Courteney Cox is eager to shed her good girl “Friends” image.

“Dirt,” the new FX series she stars in which premieres tonight, goes a long way to meeting that goal. Lucy Spiller, the character Cox plays, is tougher, meaner and smarter than Monica, the “friend” the actress portrayed on the hit NBC comedy for nine years.

“Dirt” is billed as a series that “exposes the truth behind the facade of show business image-making.”

The series goes behind the scenes to show how magazines similar to Us and People, along with tabloids like the National Enquirer, form uneasy alliances with agents, public relations flacks and the stars themselves to give the public glimpses of the private lives of movies stars, sports figures and the infamous.

The characters that people “Dirt,” from the editor Cox plays to the celebrities splashed across the covers of the show’s publications, are too shallow and superficial to entice viewers to watch for more than one episode, let alone more than one season.

Cox plays Lucy Spiller, the editor of two weekly publications that dish the dirt on celebrities. She is powerful, demanding and ruthless. Cox’s portrayal is so cold that at the end of the day the only one the editor has to curl up with is her magazine, still warm from the presses.

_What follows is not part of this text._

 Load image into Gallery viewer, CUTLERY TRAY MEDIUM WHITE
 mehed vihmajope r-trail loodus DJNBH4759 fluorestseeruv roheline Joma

And that is all Lucy deserves.

The one character worth watching is Don Konkey, the schizophrenic freelance photographer she can always count on to get “the shot.” The photographer, who still shoots with film and refuses to go digital, met and bonded with Lucy in college. He can’t survive without her. In addition to allowing him to make a living, she makes sure he clings to reality.

Ian Holm is hypnotic in the role of a man who will lie, bribe and break the law to snap pictures of celebrities in compromising positions. The English actor’s portrayal of Don’s fragile hold on his sanity is the one and only reason to tune in to “Dirt” more than once.

Cox and her husband, David Arquette, are the executive producers for the series, so its quality rests squarely on the couple’s shoulders. “Dirt” is not a bad show by network standards, it’s just not up to the exceedingly high FX standards set by “The Shield,” “Nip/Tuck” and “Rescue Me,” which air in the same time slot.

Reruns of any of those shows would be better than “Dirt,” which just can’t live up to its time slot.